Write the entries below out again exactly, but skip the pictures.

## Short descriptive text snippets:
================
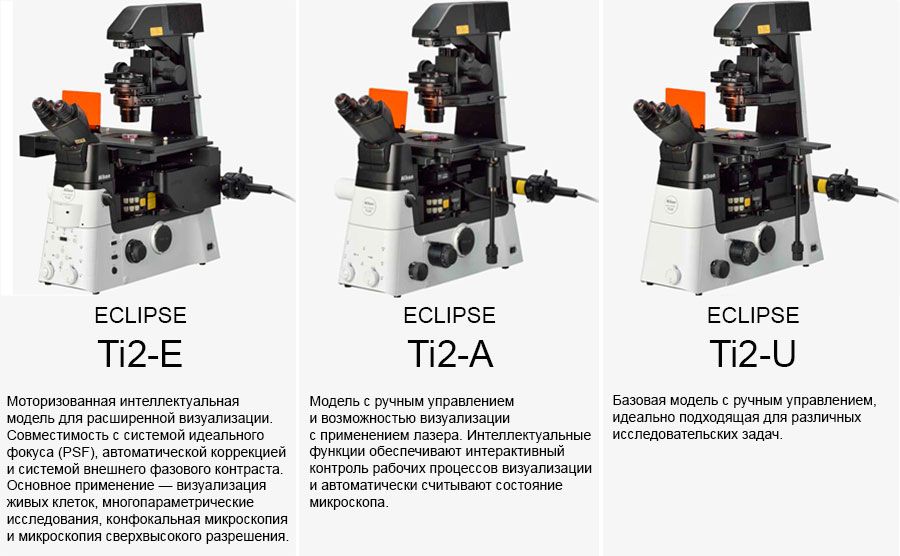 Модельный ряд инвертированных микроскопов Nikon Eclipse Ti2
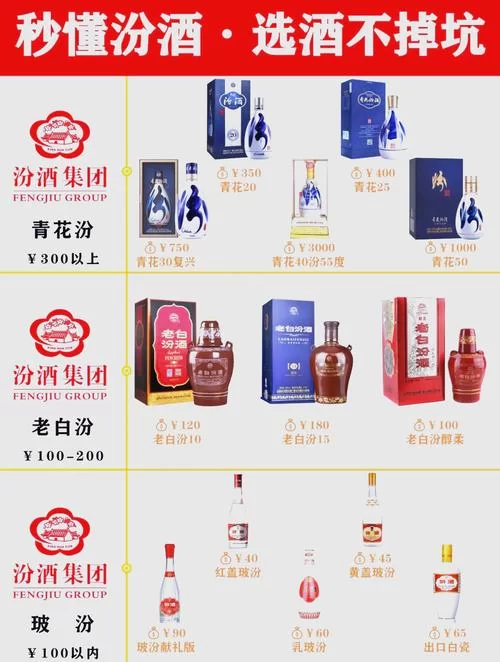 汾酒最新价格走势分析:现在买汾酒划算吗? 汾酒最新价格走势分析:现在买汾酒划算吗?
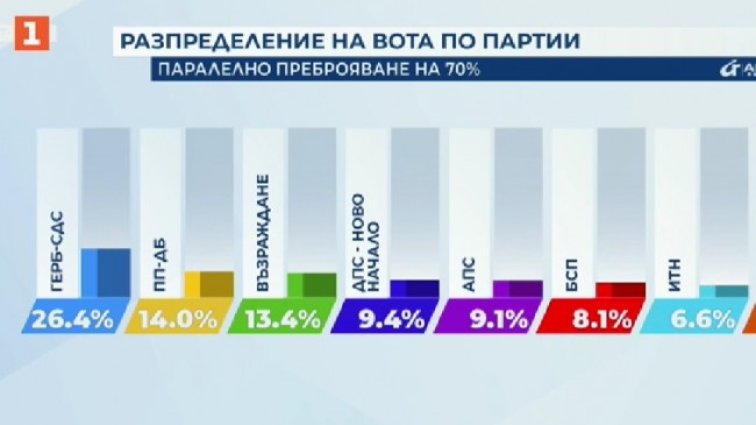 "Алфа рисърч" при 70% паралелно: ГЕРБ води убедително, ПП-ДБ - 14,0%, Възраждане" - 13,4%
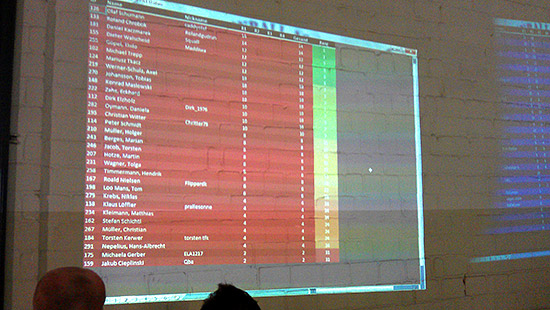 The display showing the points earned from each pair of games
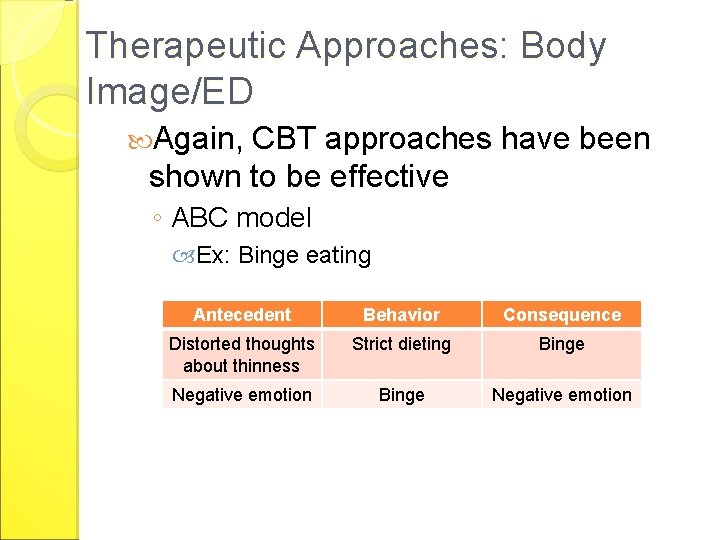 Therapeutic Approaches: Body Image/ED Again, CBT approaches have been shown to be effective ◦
================
## Solution:
 Модельный ряд инвертированных микроскопов Nikon Eclipse Ti2
 汾酒最新价格走势分析:现在买汾酒划算吗? 汾酒最新价格走势分析:现在买汾酒划算吗?
 "Алфа рисърч" при 70% паралелно: ГЕРБ води убедително, ПП-ДБ - 14,0%, Възраждане" - 13,4%
 The display showing the points earned from each pair of games
 Therapeutic Approaches: Body Image/ED Again, CBT approaches have been shown to be effective ◦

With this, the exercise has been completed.